The center of gravity is the position x where you would put a pivot and the beam would balance.

x=3.8m is 0.8m to the right of the 2 stacked crates ... a single crate 1.6m on the other side would balance it, but you have two crates much further away than that so the whole thing tips over clockwise.

If you sketch it out to scale and draw in a pivot at your value for x, you intuition should tell you the same. The same intuition should give you an idea of where the pivot should go, which will tell you if your maths comes out right.

 

[Chestermiller]

You analyzed it pretty OK, but you have to do the math correctly. The left hand side of your equation should be 21m, and the right hand side should be 4mx (you only had 4 crates, not 5).

Incidentally, Welcome to Physics Forums!

Chet

 

[aab234]

Doh! Maybe I should learn to add up first. Sigh...

So let's try that again.
3 (2m) + 6 ( m ) + 9 ( m )
21m = 4mx
x = 5.25

I've drawn a diagram and 5.25 metres from A as a fulcrum looks like it world balance so I think this is right.

Thanks for the help guys. I'll return the favour one day, when I've learned to add up obviously. How embarrassing.

 

[aab234]

*Would balance.

Seems I can't spell either.
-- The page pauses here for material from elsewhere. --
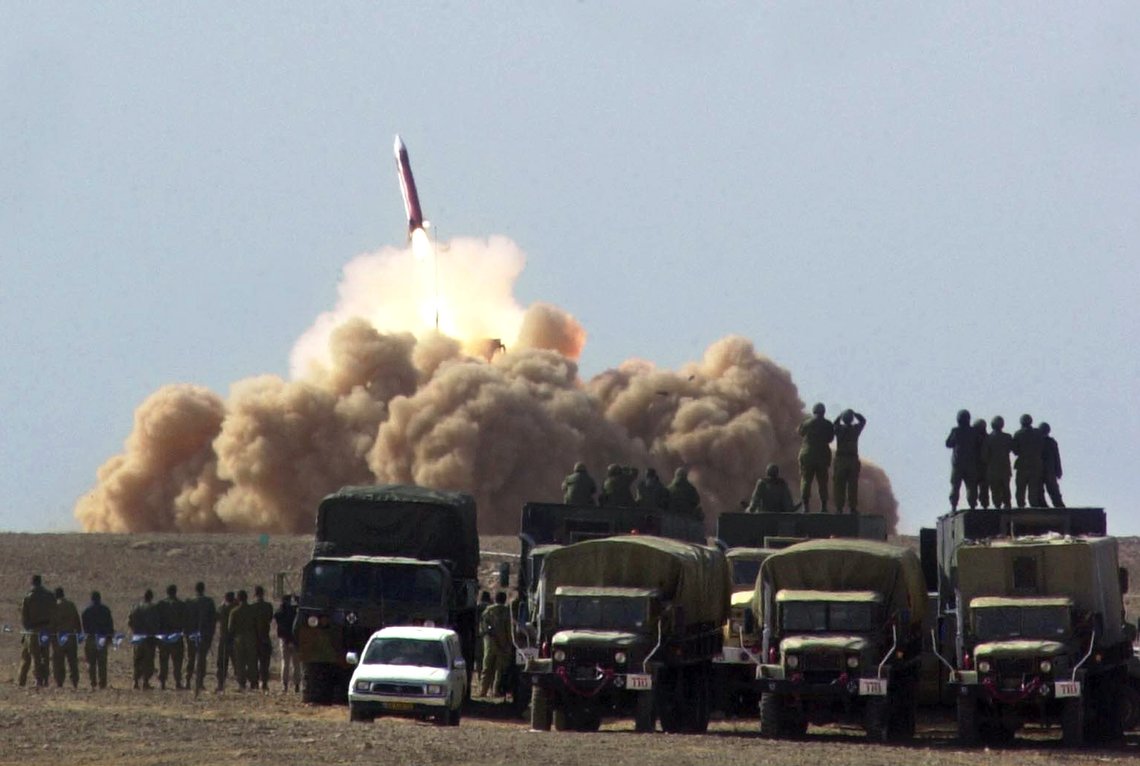Israeli soldiers watch as a Patriot missile is launching during a joint US-Israeli forces maneuver in the Negev desert, southern Israel Tuesday Feb. 4, 2003. Israeli and American forces fired a salvo of Patriot missiles as part of a joint exercise, codenamed "Juniper Cobra", to test air defenses ahead of a possible U.S.-Iraq war. The Israeli military confirmed six launches and said more missiles could be fired in the next few days. (AP Photo/HO/IDF) Israeli soldiers watch as a Patriot missile is launching during a joint US-Israeli forces maneuver in the Negev desert, southern Israel Tuesday Feb. 4, 2003. Israeli and American forces fired a salvo of Patriot missiles as part of a joint exercise, codenamed "Juniper Cobra", to test air defenses ahead of a possible U.S.-Iraq war. The Israeli military confirmed six launches and said more missiles could be fired in the next few days. (AP Photo/HO/IDF)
Not my finest hour I have to say.

 

[Simon Bridge]

2am effect? - have another coffee ;)

I've drawn a diagram and 5.25 metres from A as a fulcrum looks like it world balance so I think this is right.

... diagrams are the backbone of physics :)

If you rely too much on remembering equations, you cna get tied up in simple mistakes like this.
If you remembered about the balance-point rule, that wouldn't happen. Also you would not need to memorize the equation. Just remember that the sum of the moments must be zero.